The famed 1985 magical realist novel of Nobel Prize winner Gabriel Garcia Marquez gets an ambitious but off-key cinematic adaptation that trips up except in the casting of Javier Bardem as its romantically enthusiastic protagonist. British director Mike Newell (Four Weddings and a Funeral) works from a script by Ronald Harwood (The Pianist) to tell the story of Florentino Ariza, a young poet living in turn-of-the-century Cartagena, Columbia who falls hopelessly in love with a girl named Fermina (Giovanna Mezzogiorno).
Fermina’s protective father (John Leguizamo) facilitates her rushed marriage to Dr. Juvenal Urbino (Benjamin Bratt), a European-educated aristocrat, thereby dooming Florentino to swear a lasting love that waits busily for the doctor’s death in order to reclaim his true love. But when the momentous event finally occurs 51 years later, Fermina takes torrential offense at Florentino’s vulgar attempt at cashing in on his vow of eternal fidelity and everlasting love.

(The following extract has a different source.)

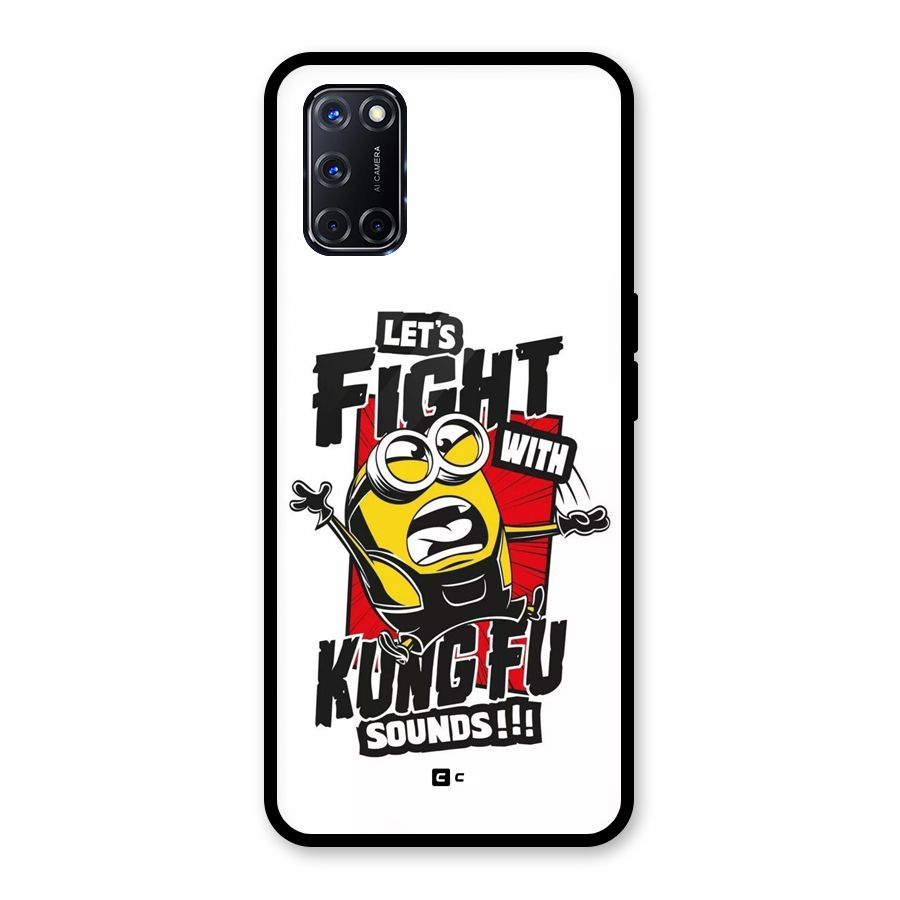 Lets Fight Glass Back Case for Oppo A52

“Don’t show your face again for the years of life that are left to you,” she says. “I hope there are very few of them.” Fermina’s hostile rebuke sets off the film’s flashback progression that eventually makes some sense of its grotesque title.

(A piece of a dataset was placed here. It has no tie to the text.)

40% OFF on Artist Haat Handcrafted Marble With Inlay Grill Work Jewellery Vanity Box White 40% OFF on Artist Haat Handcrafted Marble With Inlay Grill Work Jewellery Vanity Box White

The current tendency toward magical realist films demonstrates a deeper reach for escapism than common film genres present. Movies like The Martian Child, Lars and the Real Girl, Wristcutters: A Love Story, Slipstream, The Darjeeling Limited, Atonement and even Todd Haynes’ ode to Bob Dylan I’m Not There all share themes that go toward inexplicable imagination.

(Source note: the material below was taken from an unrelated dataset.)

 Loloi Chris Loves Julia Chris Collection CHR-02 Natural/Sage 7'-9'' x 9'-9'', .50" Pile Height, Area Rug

Although Florentino and Fermina are in love, the capitalist demand for greed decrees that she must marry a cad who will eventually cheat on her. An important irony lies in Florentino’s incessant substitution of heartbreak that causes him to seek sexual refuge at every opportunity for the 50 years that he waits for Fermina.
The assertion that Florentino makes to Fermina’s papa that “There is no greater glory than to die for love” mutates into keeping count of his carnal conquests (well more than 600 before he attempts to reunite with Fermina). The fidelity that he swears finds more devotion to his own transcendent stamina.
Mostly, there are bawdy laughs to be had over Florentino’s slapstick sexual connections. The character’s visible need to be loved proves to be a powerful aphrodisiac for attracting female partners, but the filmmakers miss the mark on keeping a suitable tone the way Spike Jonze did with Being John Malkovich, a near-perfect example of a magical realist film.
The film works best when Florentino writes love poems for inarticulate lovers as a side business. He’s most fulfilled when enticing romantic commitment between others with rhymes that hit you with the full force of Gabriel Garcia Marquez’s inflamed writing style.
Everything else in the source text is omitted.